Job Title: Data Analytics
Location: India Offshore
Employment Type: Full-time
As an SRE in the Analytics domain, you will bridge the gap between data engineering, observability, and reliability operations helping teams make data-driven decisions to improve availability, performance, and operational excellence.
Key Responsibilities
- Design, build, and maintain data pipelines and analytics platforms that deliver actionable insights into system performance, availability, and reliability.
- Develop dashboards and visualizations (Grafana, Tableau, Looker, etc.) to monitor key SRE metrics such as SLOs, SLIs, error budgets, and capacity trends.

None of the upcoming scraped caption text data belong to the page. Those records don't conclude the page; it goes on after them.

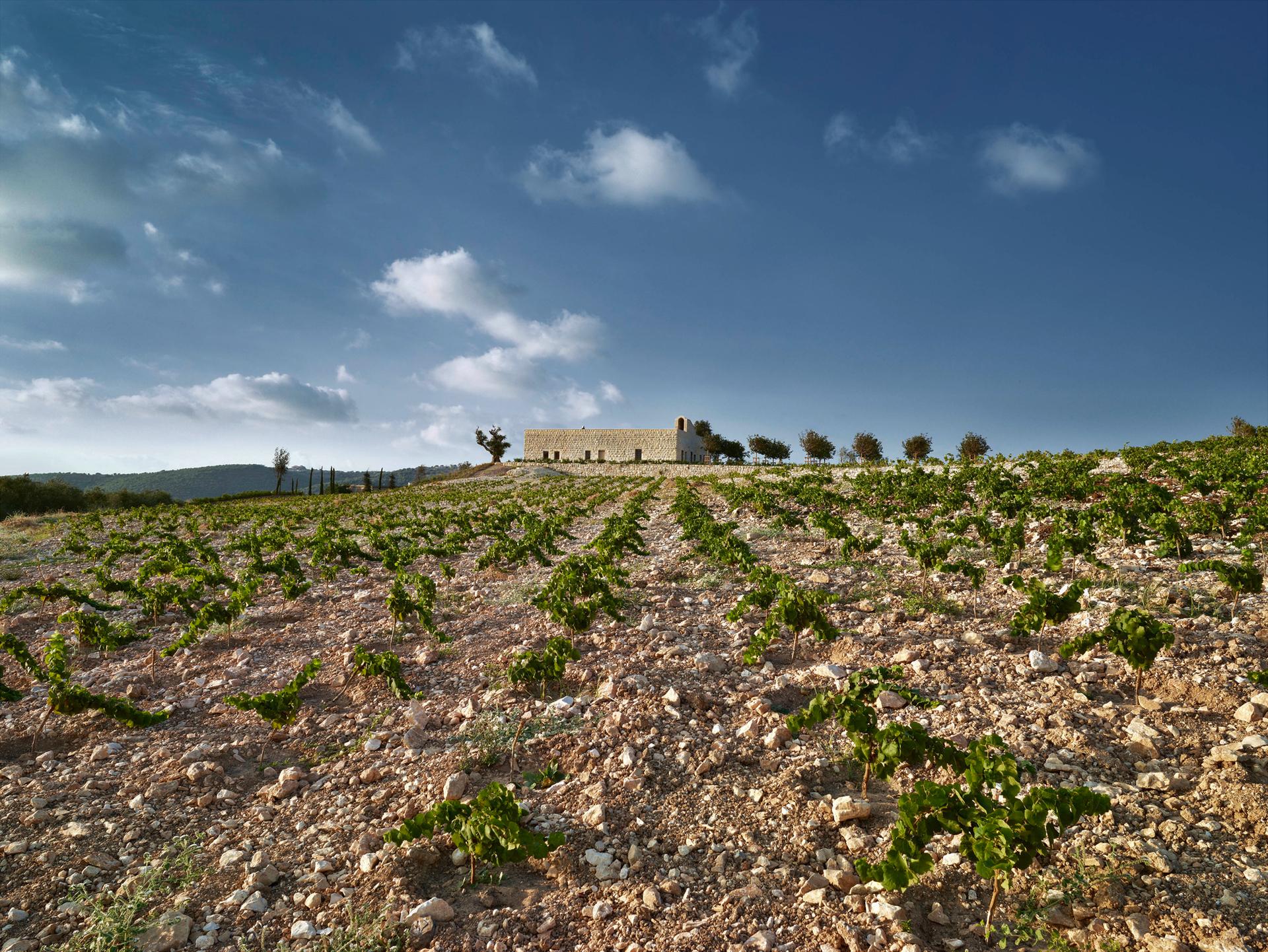 Ixsir Winery - image 13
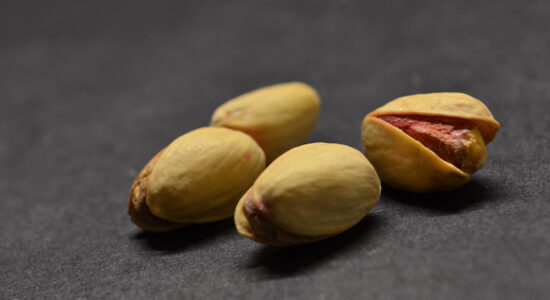 pistacchi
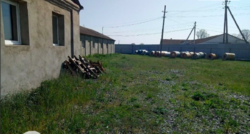 ������ ����������� ��������� ���� 7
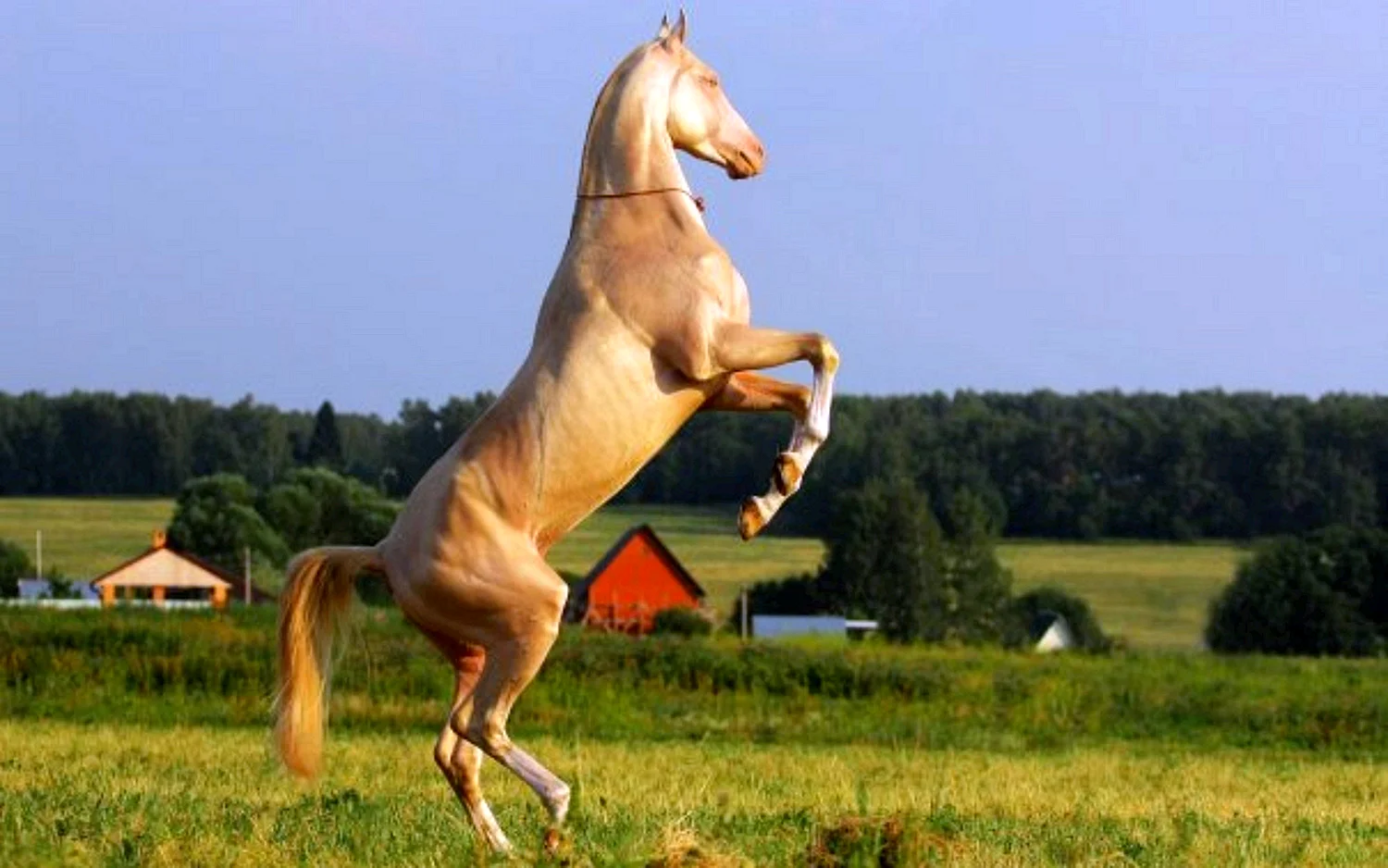 Ахалтекинская лошадь на дыбах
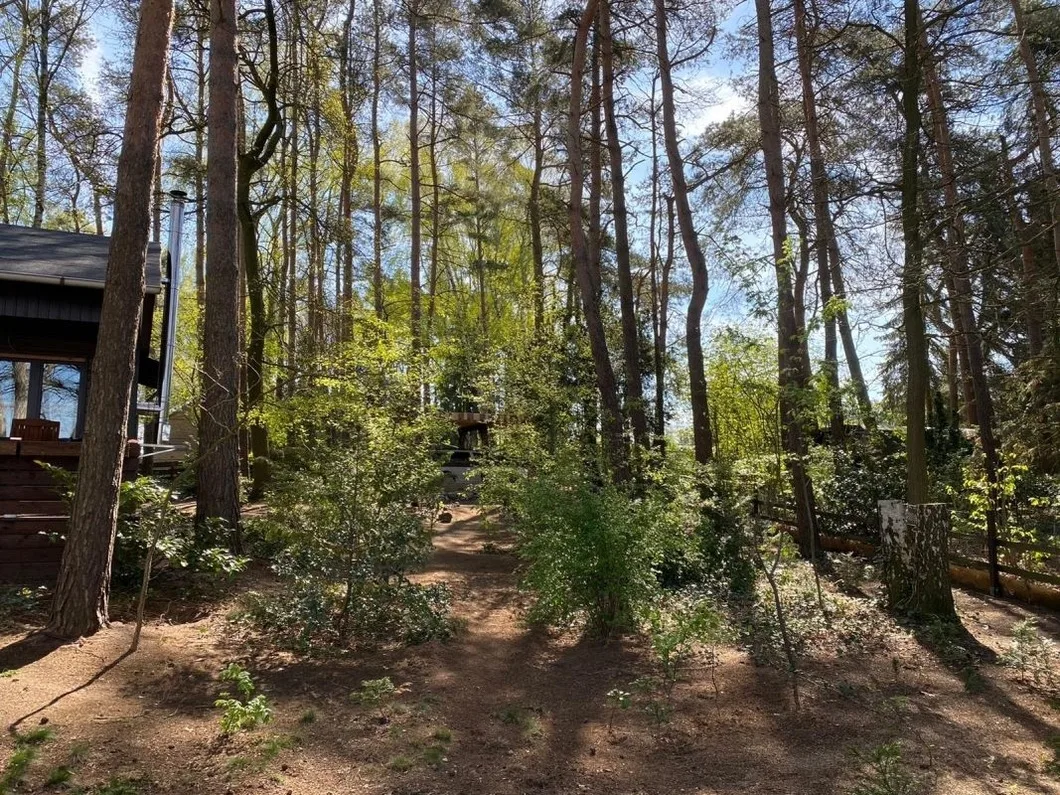 Wittingen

- Partner with SREs, DevOps, and product teams to analyze incident data, automate reporting, and identify recurring reliability issues.
- Support data ingestion and aggregation from multiple sources (CloudWatch, Prometheus, ELK, Datadog, Splunk, etc.) into a unified analytics layer.
- Build and maintain automation scripts and data models for performance and reliability insights.
- Drive post-incident analysis and trend reporting to inform long-term reliability improvements.
- Collaborate with business stakeholders to translate operational data into measurable reliability KPIs.
- Ensure data quality, governance, and availability for all reliability-related analytics systems.
Qualifications
Required Skills:
- Bachelor's or master's degree in computer science, or related field.
- 3+ years of experience as an SRE, DevOps Engineer, or Data Engineer in large-scale, cloud-native environments.
- Strong experience with AWS, GCP, or Azure platforms.
- Hands-on experience with data analytics tools (e.g., Python, SQL, Pandas, PySpark).
- Familiarity with monitoring and observability stacks (e.g., Prometheus, Grafana, ELK, Datadog).
- Strong understanding of SRE concepts SLIs, SLOs, error budgets, and incident management.
- Excellent problem-solving, analytical, and communication skills.
Preferred Skills:
- Experience with data visualization tools (Grafana, Power BI, Tableau, Looker).
- Familiarity with machine learning for anomaly detection in reliability data.
- Experience automating reporting and dashboards using AWS Glue, Athena, or Lambda.
- Knowledge of CI/CD pipelines and Infrastructure as Code (Terraform, CloudFormation).
- Familiarity with ITSM/CMDB systems and integrating reliability analytics into operational workflows.